### WORK ORDER
Pictures are to be dropped from the copy. Retype the listing exactly.

### SOURCE MATERIAL
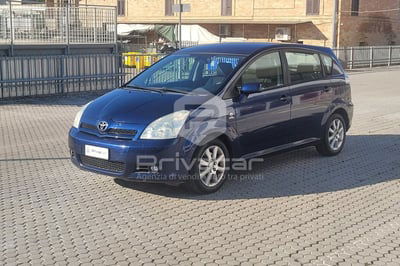 Toyota Corolla Verso 2.0 16V D-4D Sol usata
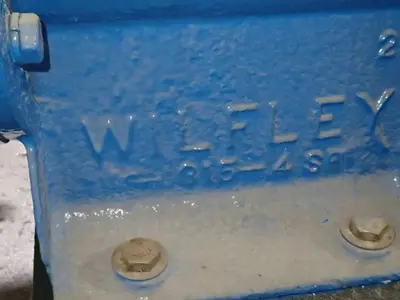 USED WILFLEY 3154SR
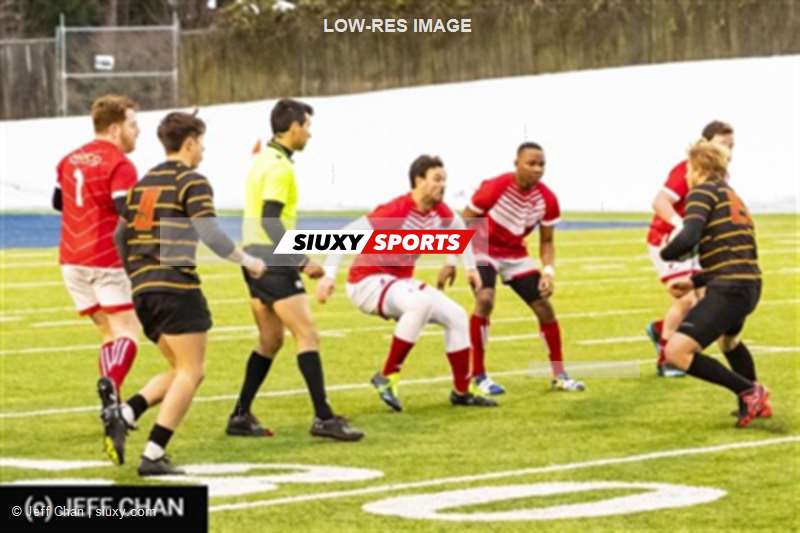 CANUMENS 2022 - Memorial U vs Calgary -  by Jeff Chan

### WRITTEN REPLY
 Toyota Corolla Verso 2.0 16V D-4D Sol usata
 USED WILFLEY 3154SR
 CANUMENS 2022 - Memorial U vs Calgary -  by Jeff Chan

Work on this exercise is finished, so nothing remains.